Everything below from the line with "this 800×450 image." through the line with "this 1316×899 image." should be copied exactly, and nothing else; leave out the pictures.

------ RECORDS SHOWN

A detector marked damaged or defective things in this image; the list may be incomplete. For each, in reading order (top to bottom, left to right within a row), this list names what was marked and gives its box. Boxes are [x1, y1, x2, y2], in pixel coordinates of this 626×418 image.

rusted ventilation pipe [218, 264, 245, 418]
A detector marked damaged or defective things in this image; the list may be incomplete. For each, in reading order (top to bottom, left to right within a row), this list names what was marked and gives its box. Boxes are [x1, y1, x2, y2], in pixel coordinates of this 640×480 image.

------------
------ RECORDS SHOWN

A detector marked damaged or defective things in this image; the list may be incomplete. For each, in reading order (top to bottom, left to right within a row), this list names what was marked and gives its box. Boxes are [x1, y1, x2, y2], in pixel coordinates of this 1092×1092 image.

------------
------ RECORDS SHOWN

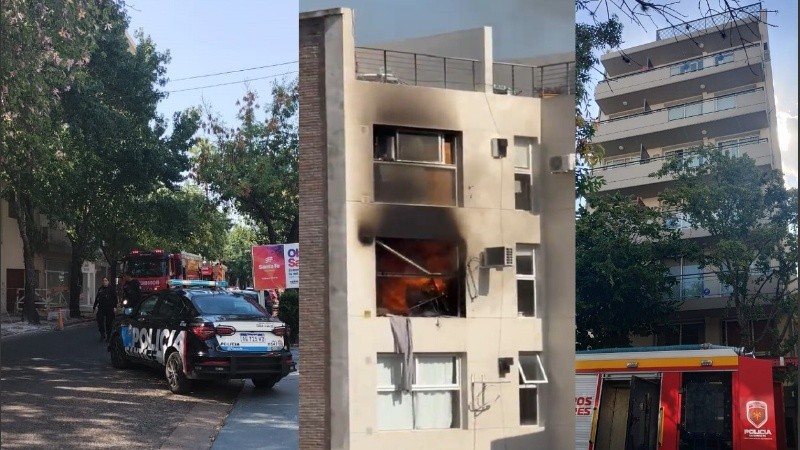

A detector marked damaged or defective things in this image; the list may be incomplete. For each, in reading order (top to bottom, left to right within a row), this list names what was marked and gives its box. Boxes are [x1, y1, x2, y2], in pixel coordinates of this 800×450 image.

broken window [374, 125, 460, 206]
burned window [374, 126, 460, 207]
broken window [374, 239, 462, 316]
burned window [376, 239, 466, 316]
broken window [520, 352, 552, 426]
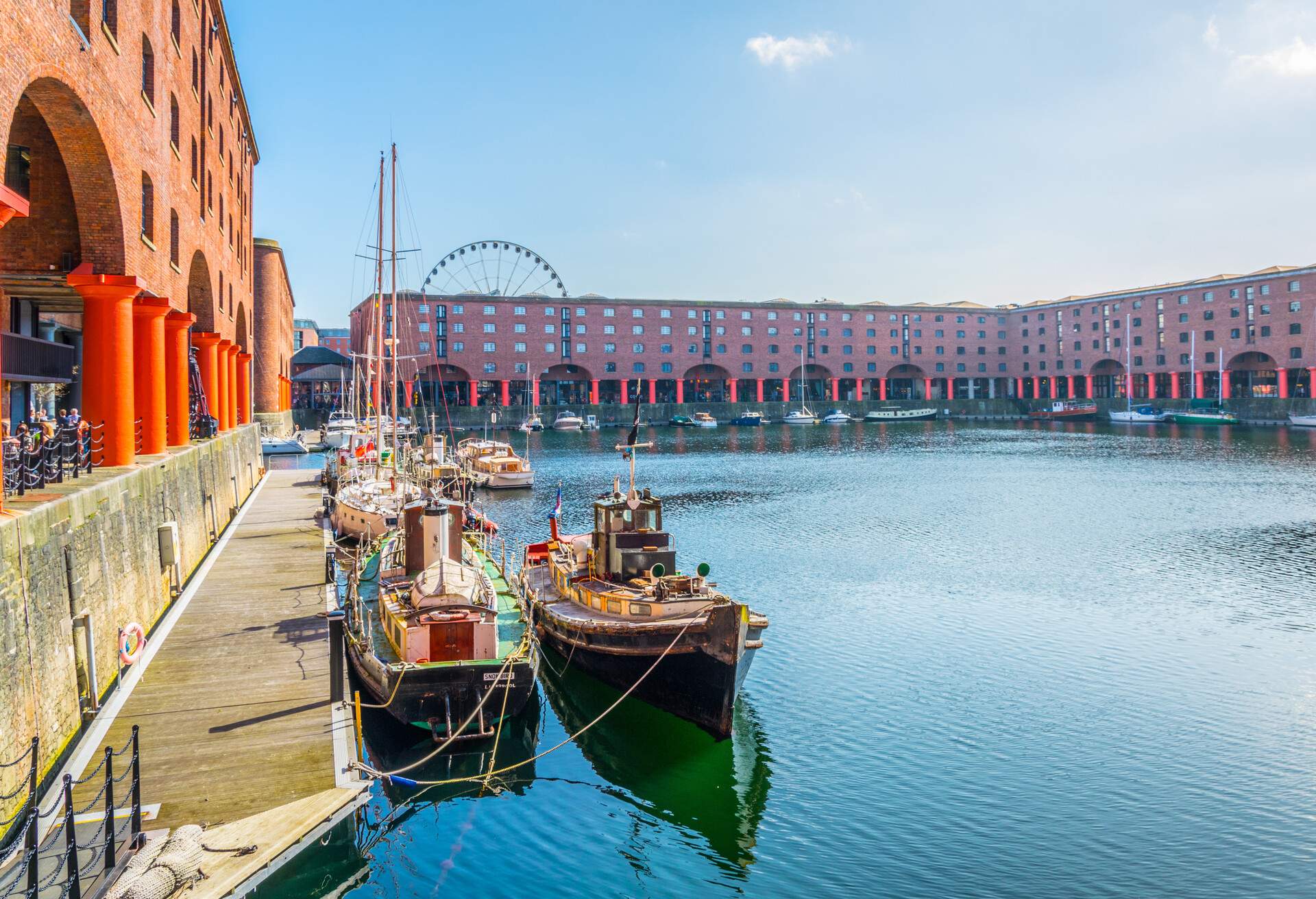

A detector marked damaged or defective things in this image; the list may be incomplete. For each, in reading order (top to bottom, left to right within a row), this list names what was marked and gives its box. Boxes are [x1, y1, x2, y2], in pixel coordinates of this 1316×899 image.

------------

#### EXPECTED OUTPUT
A detector marked damaged or defective things in this image; the list may be incomplete. For each, in reading order (top to bottom, left to right within a row), this list names what was marked and gives its box. Boxes are [x1, y1, x2, y2], in pixel coordinates of this 800×450 image.

broken window [374, 125, 460, 206]
burned window [374, 126, 460, 207]
broken window [374, 239, 462, 316]
burned window [376, 239, 466, 316]
broken window [520, 352, 552, 426]

A detector marked damaged or defective things in this image; the list may be incomplete. For each, in reading order (top to bottom, left to right within a row), this list names what was marked and gives its box. Boxes are [x1, y1, x2, y2], in pixel coordinates of this 1316×899 image.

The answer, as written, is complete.